Do Androids Dream of Electric Sheep?

Blade Runner (Do Androids Dream of Electric Sheep?) - Philip K. Dick

In today's world, full of must-have (not for me though) gadgets and other electric appliances that might be as well alive - considering the way we tend to behave with them - this novel was really curious and enlightening read. What it means to be human - yes, really good question when you have androids whom you are supposed to mercilessly retire because of their breaking the first law of robotics (Asimov's actually, I believe), i.e. because of harming and escaping from their human owners. A person like Rick Deckard, a bounty hunter whose task was precisely that above mentioned, must at last wonder, what makes humans so more worthy and so different from their own creations.

This novel was not exempt from Philip K. Dick's infamous stances toward women. Oh no, I was stupefied more than once while reading it.
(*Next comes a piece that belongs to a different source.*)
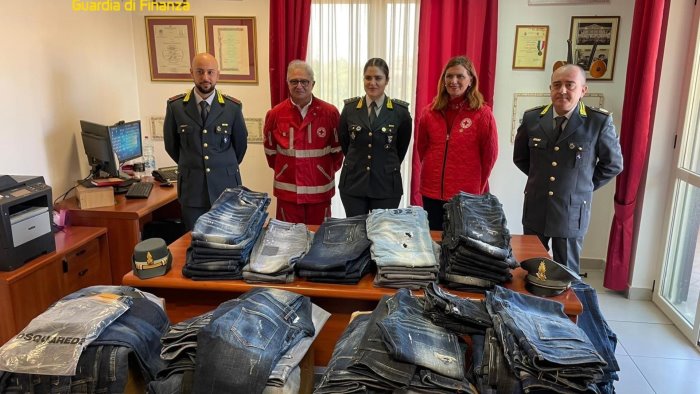 donati alla croce rossa i capi d abbigliamento sequestrati dalla finanza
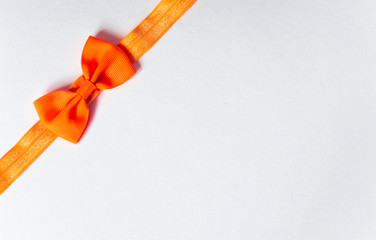 orange bow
But the whole concept of humanity and empathy versus sheer intelligence and ratio, mattered more, and Dick managed to superbly relay these issues through the interesting depiction of the various characters, but even better through the perspicacious interaction between them.
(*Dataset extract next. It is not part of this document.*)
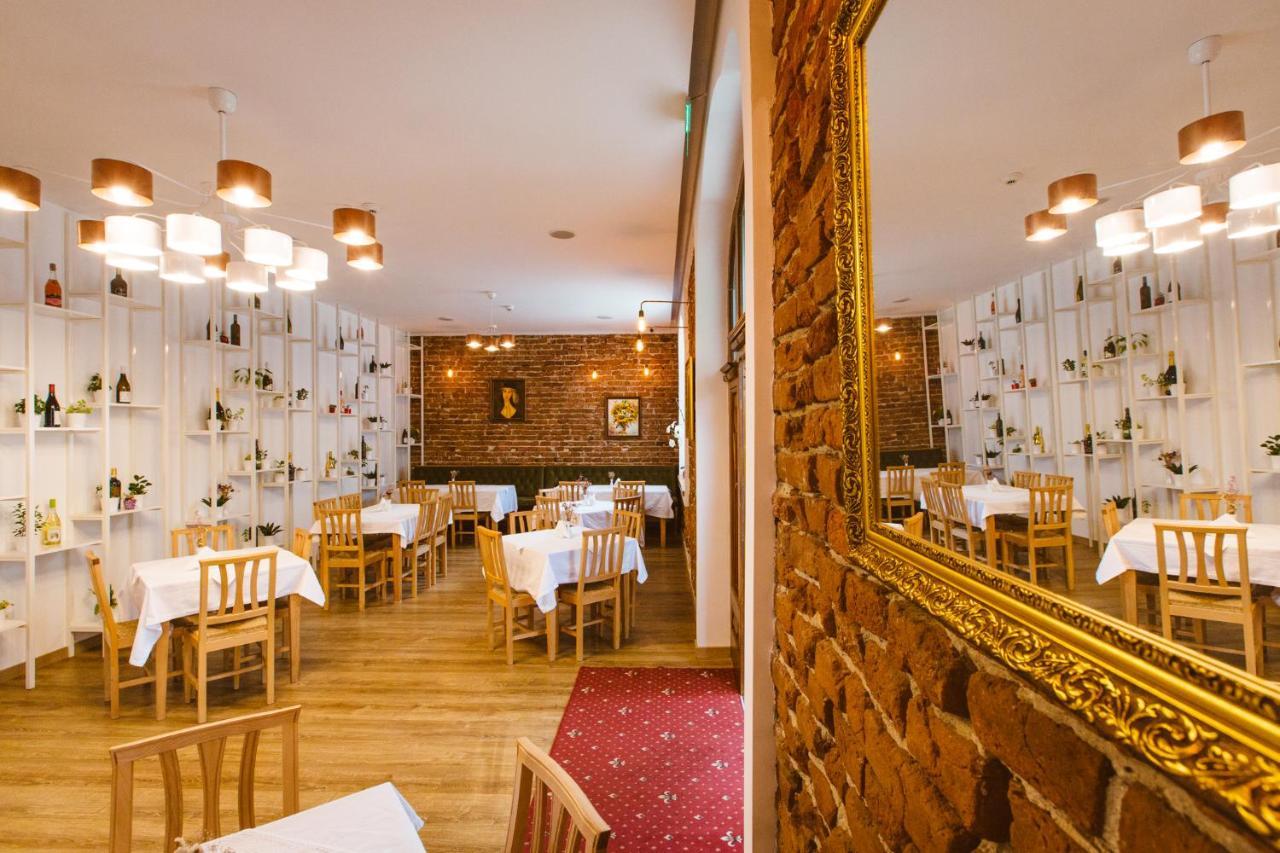 Hotel Casa Del Sole à Alba Iulia Extérieur photo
In this version of our near future (in my edition of the novel are still 90s though ;) Earth is totally devastated by nuclear war and the remaining humans started to measure their humanity and social status with tests of intelligence and empathy. The latter specifically helped Rick Deckard to identify androids that came to existence almost in the same time as the off-world colonization program. These artificial beings were every day more and more perfected to look and function like humans, and that troubled more and more Earth's police forces regarding android escapees. What was wrong with these tests was, that actually everybody, humans and animals, whether real or fake, 'wore' some kind of tag, price or social status. Those not conforming, were casted out and/or constantly humiliated, like J.R. Isidore whom we discovered wasn't too bright but had a heart of gold, or like androids, who might not have had hearts at all, but in some cases were in other ways more valuable than some human specimens. At first empathy seemed more fake than androids themselves, yet in the novel we soon discover why that concept was so important and why androids couldn't figure out the same, being thus dangerous not only to humans but, on further reflection, to themselves too.